Be careful not to confuse this usage of the word stream with our previous usage of it in the standard I/O library (Section 5.2). The streams mechanism was developed by Dennis Ritchie [Ritchie 1984] as a way of cleaning up the traditional character I/O system (c-lists) and to accommodate networking protocols. The streams mechanism was later added to SVR3, after enhancing it a bit and capitalizing the name. Complete support for STREAMS (i.e., a STREAMS-based terminal I/O system) was provided with SVR4. The SVR4 implementation is described in [AT&T 1990d]. Rago [1993] discusses both user-level STREAMS programming and kernel-level STREAMS programming.

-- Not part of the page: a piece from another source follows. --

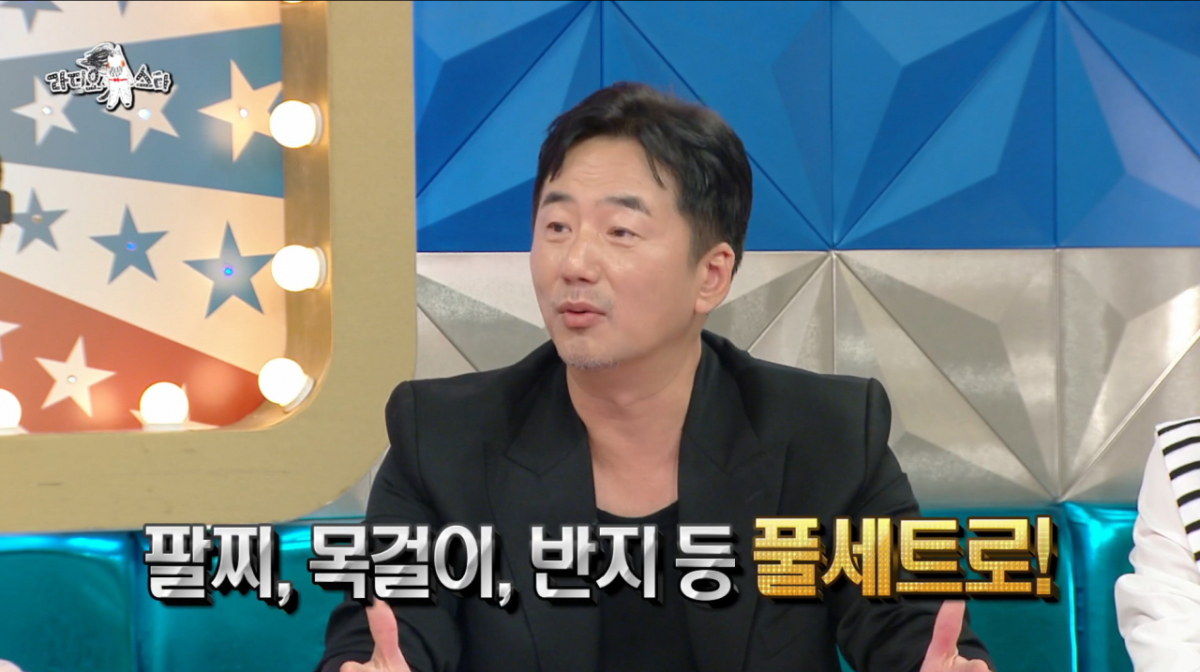 <b>류승수</b>, <b>배용준</b> 미담 공개…돌잔치 때 T사 <b>주얼리</b> 풀세트 <b>선물</b>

STREAMS is an optional feature in the Single UNIX Specification (included as the XSI STREAMS Option Group). Of the four platforms discussed in this text, only Solaris provides native support for STREAMS. A STREAMS subsystem is available for Linux, but you need to add it yourself. It is not usually included by default.

A stream provides a full-duplex path between a user process and a device driver. There is no need for a stream to talk to a hardware device; a stream can also be used with a pseudo-device driver. Figure 14.13 shows the basic picture for what is called a simple stream.

Figure 14.13. A simple stream

Beneath the stream head, we can push processing modules onto the stream. This is done using an ioctl command. Figure 14.14 shows a stream with a single processing module. We also show the connection between these boxes with two arrows to stress the full-duplex nature of streams and to emphasize that the processing in one direction is separate from the processing in the other direction.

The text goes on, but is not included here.